**Work instruction:** Take the data below and write it out exactly, except for the pictures.

**The data:**
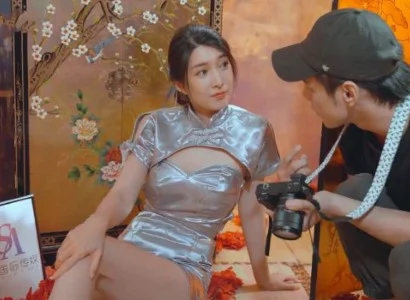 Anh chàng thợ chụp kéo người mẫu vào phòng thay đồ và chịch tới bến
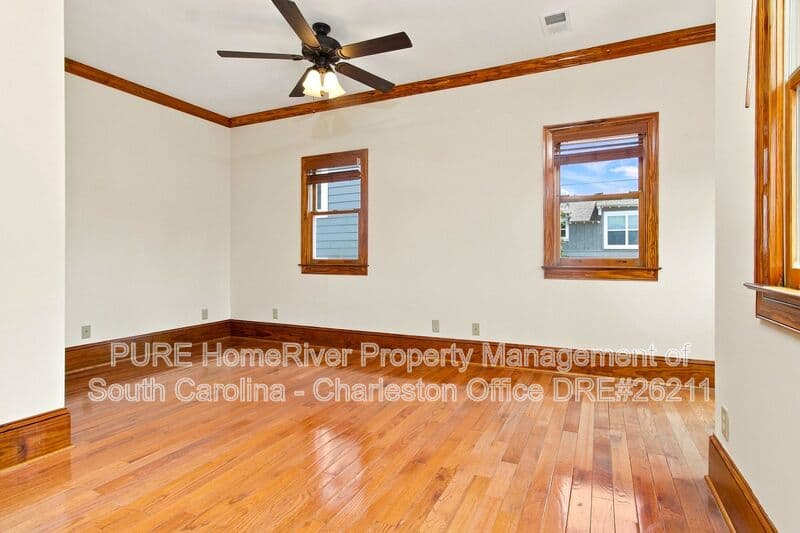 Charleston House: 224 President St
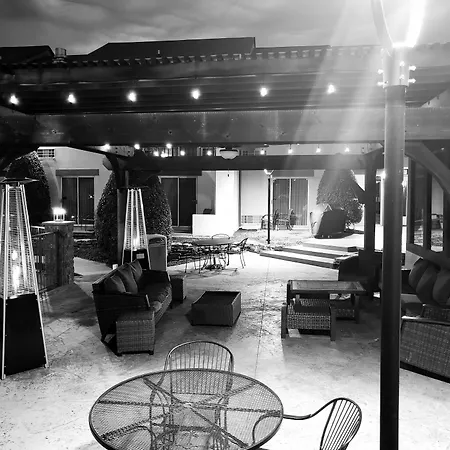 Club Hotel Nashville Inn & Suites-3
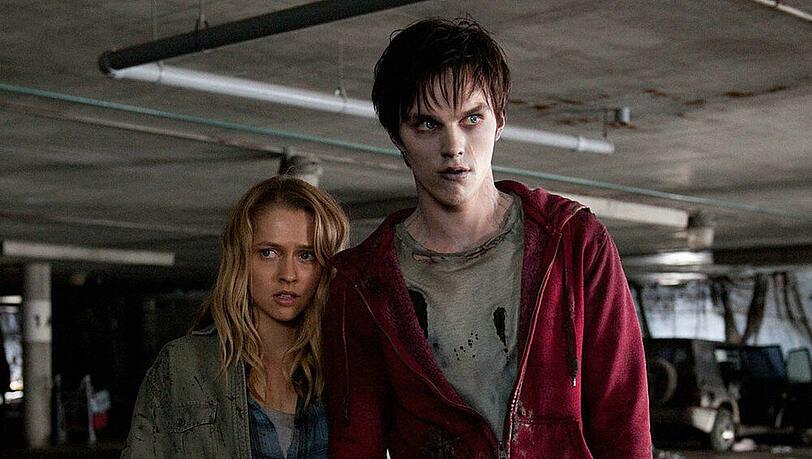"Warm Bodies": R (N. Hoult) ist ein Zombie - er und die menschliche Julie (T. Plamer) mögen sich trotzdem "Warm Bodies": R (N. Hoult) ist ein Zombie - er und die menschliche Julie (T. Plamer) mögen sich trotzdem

**Worked solution:**
 Anh chàng thợ chụp kéo người mẫu vào phòng thay đồ và chịch tới bến
 Charleston House: 224 President St
 Club Hotel Nashville Inn & Suites-3
"Warm Bodies": R (N. Hoult) ist ein Zombie - er und die menschliche Julie (T. Plamer) mögen sich trotzdem "Warm Bodies": R (N. Hoult) ist ein Zombie - er und die menschliche Julie (T. Plamer) mögen sich trotzdem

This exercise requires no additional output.